Stephan Lenzen (RMP Landschaftsarchitekten, Bonn) hebt darauf ab, aus planerischer Sicht gebe es keinen Unterschied zwischen Land und Stadt, alles sei Landschaft. Beide Siedlungsräume könnten nur miteinander, allerdings gestalte derzeit niemand den Freiraum dazwischen. Diesem komme jedoch eine entscheidende Rolle zu. Lenzen spricht sich für interkommunale Projekte statt ortsbezogener IBAs aus.
Prof. Dr. Vanessa Miriam Carlow, Uni Braunschweig, beklagt insgesamt, dass viele "funktionale Verknüpfungen nicht verfasst" seien, also Beziehungen zwischen Orten und Akteuren – rechtlich gesehen – nicht mit geplant werden müssten, diese aber über das Funktionieren einer Neuplanung mitentschieden. Als Beispiel nannte sie das Einpendeln über Tag, das eine Planung verändere, ebenso wie das Ausbleiben von Berufspendlern. Partizipationsprozesse seien in diesem Sinn neu zu denken, so Carlow.
Prof. Dr. Agnes Förster, RWTH Aachen University, kritisiert ebenfalls, dass bestimmte Gruppen oder Ebenen in Planungen oft außen vor blieben. Perspektiven, wie sich Wandel vollziehe, gelte es zwingend in eine solche "Mehr-Ebenen-Planung" einzubeziehen.
Susanne Schreiber, Baubürgermeisterin der Stadt Herrenberg, schildert für ihre Kommune aktuell laufende, große Planungsprozesse. "Unser Thema ist, die guten Konzepte auch der Bürgerschaft und dem Gemeinderat nahezubringen." Diese seien keine Experten und bräuchten "handfeste Konzepte", man kommuniziere deshalb über in verdauliche Tranchen geschnittene Teile. "Aufrichtigkeit in der Kommunikation" und Umsetzbarkeit seien Schlüsselfaktoren. Schreiber unterstrich die Notwendigkeit vorausschauender Planung, die zugegebenermaßen mit regelmäßigen Wahlterminen kollidiere. Aber: "Nur der lange Blick erlaubt den gemeinnützigen, den nicht eigennützigen Blick."

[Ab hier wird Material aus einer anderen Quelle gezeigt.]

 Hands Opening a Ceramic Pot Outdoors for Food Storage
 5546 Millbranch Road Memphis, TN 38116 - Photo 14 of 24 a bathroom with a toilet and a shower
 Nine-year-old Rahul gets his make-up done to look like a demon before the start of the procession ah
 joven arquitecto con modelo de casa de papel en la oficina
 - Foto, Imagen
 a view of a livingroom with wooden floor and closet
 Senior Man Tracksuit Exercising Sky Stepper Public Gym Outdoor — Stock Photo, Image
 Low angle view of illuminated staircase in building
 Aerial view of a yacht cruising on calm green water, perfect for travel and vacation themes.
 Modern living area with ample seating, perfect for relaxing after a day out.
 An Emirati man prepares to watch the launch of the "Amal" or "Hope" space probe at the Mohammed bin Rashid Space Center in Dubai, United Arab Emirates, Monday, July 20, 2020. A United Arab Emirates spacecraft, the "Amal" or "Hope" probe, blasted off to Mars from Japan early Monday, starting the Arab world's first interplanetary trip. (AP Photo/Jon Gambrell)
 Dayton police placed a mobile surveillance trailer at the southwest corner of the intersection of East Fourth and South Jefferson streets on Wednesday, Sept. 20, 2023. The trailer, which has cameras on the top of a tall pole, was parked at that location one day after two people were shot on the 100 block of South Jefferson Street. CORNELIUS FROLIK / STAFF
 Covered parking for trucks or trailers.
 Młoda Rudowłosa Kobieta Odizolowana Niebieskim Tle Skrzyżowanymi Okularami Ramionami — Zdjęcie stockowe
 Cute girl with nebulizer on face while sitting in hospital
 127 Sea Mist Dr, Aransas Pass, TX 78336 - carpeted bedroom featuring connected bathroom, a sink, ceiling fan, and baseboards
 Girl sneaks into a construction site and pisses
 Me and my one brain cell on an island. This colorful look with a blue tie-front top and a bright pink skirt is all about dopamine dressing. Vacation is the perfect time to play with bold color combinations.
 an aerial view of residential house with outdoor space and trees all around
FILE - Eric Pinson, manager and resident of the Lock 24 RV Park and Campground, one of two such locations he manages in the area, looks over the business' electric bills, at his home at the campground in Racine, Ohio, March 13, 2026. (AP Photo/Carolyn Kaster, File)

Prof. Mark Michaeli, TU München, sieht darin den entscheidenden Punkt: Eine Ortsentwicklung müsse sich mit der ferneren Zukunft befassen mit Perspektiven von bis zu 50 Jahren, etwa um Bodenvorratspolitik betreiben zu können. Wichtig sei, nicht mit Drohszenarien zu arbeiten, sondern das Positive dieser Gemeinschaftsanstrengung herauszustreichen.